• _What is being asked_:
First find the line with "Pair of Chrome" in the entries below, then set down exactly every line through the line with "TOZO A3 Bluetooth-hoofdtelefoon, half", that line included.

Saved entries
◇ ◇ ◇ ◇ ◇ ◇ ◇

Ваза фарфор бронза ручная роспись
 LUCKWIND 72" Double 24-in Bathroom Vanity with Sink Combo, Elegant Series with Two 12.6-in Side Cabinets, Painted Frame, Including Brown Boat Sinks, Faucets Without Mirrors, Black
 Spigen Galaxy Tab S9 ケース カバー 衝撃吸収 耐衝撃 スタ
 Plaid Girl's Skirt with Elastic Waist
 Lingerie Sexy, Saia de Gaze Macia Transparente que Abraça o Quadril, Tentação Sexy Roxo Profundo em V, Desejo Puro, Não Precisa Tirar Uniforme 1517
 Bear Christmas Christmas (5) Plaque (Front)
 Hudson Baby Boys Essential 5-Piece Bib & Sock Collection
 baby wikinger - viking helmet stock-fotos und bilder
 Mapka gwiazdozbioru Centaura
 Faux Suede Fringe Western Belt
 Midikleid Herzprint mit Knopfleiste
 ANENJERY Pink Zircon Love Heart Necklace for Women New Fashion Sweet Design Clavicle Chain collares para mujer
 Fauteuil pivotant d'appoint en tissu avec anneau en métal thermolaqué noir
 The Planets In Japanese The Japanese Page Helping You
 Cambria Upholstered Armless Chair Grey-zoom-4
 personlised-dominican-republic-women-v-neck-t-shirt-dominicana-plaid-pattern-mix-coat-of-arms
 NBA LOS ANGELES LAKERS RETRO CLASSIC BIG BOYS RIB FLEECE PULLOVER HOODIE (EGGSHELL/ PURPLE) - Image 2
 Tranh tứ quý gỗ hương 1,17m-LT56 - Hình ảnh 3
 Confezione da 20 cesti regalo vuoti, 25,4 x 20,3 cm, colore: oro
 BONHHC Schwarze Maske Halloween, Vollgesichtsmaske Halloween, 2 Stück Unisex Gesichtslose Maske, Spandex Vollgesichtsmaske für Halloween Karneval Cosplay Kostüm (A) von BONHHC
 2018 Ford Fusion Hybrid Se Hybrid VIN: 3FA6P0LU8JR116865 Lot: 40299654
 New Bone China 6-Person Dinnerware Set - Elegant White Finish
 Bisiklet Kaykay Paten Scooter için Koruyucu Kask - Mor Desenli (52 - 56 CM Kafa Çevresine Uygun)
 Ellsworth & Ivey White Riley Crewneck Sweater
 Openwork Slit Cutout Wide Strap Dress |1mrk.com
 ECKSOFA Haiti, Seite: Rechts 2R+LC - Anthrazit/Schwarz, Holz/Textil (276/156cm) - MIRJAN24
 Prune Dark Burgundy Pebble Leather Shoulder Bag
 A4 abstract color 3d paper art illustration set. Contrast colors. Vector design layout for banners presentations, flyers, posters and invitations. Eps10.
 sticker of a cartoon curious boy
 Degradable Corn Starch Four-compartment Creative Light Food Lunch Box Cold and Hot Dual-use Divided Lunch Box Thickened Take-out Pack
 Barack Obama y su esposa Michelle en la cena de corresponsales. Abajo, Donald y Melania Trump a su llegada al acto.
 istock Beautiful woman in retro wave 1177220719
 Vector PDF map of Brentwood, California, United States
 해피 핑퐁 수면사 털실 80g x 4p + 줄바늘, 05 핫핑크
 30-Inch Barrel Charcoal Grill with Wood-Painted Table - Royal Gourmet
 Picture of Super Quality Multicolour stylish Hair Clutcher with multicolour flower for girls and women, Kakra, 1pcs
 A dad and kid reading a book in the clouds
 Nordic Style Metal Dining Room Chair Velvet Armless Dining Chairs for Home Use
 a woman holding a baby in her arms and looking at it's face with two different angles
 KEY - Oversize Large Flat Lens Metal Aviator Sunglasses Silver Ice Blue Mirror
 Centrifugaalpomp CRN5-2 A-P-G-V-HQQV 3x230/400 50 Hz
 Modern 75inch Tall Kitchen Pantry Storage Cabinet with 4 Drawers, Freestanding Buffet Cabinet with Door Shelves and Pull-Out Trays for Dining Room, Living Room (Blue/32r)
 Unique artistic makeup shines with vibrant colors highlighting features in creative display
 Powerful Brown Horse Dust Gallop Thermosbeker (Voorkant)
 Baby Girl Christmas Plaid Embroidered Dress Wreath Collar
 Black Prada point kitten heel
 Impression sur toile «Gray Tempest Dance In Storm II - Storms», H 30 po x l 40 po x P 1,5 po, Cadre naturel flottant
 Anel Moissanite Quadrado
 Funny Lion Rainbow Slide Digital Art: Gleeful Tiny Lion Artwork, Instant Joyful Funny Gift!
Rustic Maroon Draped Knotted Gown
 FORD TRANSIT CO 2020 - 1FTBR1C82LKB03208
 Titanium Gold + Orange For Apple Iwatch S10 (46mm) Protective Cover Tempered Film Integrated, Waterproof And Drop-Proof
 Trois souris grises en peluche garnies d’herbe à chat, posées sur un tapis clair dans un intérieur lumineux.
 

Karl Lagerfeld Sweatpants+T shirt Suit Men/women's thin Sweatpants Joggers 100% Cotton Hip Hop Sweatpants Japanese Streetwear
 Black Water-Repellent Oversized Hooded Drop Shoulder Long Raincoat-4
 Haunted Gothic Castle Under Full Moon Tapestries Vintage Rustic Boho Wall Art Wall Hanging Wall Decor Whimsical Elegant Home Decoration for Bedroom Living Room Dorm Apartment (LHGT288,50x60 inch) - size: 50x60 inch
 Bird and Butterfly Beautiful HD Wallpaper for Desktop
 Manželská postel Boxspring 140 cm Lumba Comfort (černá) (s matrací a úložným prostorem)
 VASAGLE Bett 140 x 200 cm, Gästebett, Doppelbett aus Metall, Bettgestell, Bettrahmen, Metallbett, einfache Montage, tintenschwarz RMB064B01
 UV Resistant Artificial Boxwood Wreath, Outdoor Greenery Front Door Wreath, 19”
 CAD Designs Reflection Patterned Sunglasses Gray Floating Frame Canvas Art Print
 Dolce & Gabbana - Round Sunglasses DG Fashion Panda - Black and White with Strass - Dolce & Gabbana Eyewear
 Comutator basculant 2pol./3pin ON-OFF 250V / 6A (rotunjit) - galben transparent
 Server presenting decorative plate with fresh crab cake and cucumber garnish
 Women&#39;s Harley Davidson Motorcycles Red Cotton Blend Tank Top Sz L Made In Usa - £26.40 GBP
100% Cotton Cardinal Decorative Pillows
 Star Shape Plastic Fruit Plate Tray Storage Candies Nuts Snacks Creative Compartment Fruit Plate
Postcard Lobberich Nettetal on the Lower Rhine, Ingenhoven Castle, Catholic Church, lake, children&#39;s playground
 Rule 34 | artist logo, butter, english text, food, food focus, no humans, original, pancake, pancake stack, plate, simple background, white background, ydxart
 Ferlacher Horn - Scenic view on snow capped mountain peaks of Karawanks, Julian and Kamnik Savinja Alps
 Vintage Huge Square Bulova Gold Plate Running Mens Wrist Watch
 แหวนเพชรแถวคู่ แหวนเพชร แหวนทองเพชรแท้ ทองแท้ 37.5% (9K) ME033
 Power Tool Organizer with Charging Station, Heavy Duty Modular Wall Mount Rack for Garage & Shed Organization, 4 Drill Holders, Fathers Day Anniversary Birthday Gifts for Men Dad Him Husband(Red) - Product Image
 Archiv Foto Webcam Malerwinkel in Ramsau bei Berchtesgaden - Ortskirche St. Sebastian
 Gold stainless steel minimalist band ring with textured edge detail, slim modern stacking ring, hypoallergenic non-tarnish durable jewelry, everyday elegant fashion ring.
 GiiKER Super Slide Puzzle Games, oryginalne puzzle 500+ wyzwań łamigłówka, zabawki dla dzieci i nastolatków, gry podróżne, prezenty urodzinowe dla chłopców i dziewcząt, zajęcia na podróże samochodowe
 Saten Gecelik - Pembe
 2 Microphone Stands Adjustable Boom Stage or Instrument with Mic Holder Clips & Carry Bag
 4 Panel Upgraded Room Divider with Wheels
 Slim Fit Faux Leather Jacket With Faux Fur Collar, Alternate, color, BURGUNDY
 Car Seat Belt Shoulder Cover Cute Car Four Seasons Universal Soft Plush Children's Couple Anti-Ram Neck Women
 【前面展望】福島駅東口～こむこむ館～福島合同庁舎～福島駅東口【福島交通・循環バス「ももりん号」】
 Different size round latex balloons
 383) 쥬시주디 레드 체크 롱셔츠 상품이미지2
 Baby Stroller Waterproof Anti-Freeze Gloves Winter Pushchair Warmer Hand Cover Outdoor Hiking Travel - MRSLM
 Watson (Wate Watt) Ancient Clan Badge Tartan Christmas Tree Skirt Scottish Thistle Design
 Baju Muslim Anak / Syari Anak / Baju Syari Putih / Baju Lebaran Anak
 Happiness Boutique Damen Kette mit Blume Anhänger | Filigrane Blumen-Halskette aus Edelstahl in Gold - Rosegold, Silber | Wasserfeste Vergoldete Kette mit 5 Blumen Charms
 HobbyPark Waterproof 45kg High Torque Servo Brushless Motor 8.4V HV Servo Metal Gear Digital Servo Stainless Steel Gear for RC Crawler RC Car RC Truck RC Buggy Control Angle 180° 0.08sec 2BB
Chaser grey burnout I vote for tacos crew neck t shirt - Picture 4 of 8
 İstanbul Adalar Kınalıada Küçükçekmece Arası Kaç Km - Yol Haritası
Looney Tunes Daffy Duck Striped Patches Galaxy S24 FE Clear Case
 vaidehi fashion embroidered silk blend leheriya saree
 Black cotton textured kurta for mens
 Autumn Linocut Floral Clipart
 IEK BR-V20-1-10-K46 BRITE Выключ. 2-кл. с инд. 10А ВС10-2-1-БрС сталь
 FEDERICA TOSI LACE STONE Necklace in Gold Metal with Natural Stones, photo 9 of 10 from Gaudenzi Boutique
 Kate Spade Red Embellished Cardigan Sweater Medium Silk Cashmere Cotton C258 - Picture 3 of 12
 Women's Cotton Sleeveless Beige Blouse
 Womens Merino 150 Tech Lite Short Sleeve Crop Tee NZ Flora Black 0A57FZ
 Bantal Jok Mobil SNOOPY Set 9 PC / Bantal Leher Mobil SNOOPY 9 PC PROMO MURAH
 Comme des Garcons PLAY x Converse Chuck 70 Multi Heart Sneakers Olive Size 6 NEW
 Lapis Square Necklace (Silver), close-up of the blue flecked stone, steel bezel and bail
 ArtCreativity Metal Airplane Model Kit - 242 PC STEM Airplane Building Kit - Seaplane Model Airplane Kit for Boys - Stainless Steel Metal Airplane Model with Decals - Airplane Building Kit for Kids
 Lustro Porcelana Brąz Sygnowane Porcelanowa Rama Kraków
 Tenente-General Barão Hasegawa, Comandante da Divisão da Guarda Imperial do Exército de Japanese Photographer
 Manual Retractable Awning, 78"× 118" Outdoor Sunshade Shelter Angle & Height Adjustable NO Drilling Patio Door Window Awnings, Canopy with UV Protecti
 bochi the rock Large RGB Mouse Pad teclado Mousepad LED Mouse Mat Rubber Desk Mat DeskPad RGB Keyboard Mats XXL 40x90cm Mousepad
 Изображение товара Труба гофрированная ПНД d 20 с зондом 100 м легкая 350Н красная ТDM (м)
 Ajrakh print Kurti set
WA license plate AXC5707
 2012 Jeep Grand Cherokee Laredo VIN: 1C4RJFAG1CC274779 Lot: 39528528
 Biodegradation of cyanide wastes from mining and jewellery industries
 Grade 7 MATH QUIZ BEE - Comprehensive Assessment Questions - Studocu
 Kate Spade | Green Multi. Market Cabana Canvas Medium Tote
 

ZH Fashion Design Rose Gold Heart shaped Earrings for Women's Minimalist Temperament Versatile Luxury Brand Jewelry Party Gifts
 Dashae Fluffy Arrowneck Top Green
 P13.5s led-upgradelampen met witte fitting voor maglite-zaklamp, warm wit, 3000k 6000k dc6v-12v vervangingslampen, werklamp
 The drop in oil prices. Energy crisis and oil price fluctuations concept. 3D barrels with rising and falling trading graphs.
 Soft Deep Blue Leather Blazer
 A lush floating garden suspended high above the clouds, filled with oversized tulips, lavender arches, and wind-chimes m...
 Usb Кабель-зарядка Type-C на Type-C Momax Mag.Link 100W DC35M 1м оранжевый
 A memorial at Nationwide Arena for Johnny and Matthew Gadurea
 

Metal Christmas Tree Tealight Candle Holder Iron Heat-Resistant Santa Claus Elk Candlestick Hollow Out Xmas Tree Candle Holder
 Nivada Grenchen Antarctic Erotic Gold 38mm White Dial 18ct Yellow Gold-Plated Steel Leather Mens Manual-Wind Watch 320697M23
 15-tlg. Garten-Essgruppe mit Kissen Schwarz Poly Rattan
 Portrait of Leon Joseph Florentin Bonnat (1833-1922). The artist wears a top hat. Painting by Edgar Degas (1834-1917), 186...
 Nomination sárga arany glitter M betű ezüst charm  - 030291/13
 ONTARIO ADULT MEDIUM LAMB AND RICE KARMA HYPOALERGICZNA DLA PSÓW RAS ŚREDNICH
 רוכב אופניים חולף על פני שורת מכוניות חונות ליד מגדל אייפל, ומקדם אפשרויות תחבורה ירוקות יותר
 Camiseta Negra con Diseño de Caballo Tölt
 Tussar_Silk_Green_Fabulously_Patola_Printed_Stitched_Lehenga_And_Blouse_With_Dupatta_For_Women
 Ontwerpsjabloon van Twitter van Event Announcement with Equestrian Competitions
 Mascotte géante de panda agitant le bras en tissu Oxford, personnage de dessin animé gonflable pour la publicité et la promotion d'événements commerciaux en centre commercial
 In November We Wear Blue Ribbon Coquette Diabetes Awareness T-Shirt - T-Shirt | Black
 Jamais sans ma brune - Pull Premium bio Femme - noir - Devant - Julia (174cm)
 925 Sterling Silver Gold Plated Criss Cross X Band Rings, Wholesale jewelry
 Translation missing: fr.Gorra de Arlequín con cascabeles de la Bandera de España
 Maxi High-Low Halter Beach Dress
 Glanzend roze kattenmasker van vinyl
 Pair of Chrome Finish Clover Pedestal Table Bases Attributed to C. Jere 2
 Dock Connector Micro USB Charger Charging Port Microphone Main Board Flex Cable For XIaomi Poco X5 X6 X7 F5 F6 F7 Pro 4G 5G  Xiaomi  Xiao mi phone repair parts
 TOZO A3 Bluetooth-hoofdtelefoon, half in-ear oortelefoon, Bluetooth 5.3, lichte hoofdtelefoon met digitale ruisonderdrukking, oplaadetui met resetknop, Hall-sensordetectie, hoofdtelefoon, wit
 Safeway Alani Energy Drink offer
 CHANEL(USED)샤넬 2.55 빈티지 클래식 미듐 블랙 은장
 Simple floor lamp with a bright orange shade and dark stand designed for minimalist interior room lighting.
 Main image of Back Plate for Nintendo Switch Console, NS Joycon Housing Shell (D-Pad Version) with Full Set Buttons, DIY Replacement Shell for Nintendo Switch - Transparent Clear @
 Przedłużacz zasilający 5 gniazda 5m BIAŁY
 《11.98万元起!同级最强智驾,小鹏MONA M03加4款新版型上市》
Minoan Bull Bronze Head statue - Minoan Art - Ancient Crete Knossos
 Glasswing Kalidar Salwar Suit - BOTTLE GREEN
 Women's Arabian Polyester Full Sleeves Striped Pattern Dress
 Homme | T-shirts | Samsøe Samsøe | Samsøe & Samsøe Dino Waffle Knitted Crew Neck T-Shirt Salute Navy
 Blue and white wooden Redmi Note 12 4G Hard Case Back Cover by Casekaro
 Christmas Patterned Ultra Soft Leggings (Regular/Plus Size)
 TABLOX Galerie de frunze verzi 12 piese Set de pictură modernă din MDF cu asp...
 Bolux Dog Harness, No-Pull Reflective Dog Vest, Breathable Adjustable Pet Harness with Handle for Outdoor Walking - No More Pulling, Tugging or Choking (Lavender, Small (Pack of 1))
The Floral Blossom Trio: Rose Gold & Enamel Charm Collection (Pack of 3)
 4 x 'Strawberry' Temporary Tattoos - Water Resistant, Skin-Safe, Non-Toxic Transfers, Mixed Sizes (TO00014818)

◇ ◇ ◇ ◇ ◇ ◇ ◇

• _Result for this exercise_:
 Pair of Chrome Finish Clover Pedestal Table Bases Attributed to C. Jere 2
 Dock Connector Micro USB Charger Charging Port Microphone Main Board Flex Cable For XIaomi Poco X5 X6 X7 F5 F6 F7 Pro 4G 5G  Xiaomi  Xiao mi phone repair parts
 TOZO A3 Bluetooth-hoofdtelefoon, half in-ear oortelefoon, Bluetooth 5.3, lichte hoofdtelefoon met digitale ruisonderdrukking, oplaadetui met resetknop, Hall-sensordetectie, hoofdtelefoon, wit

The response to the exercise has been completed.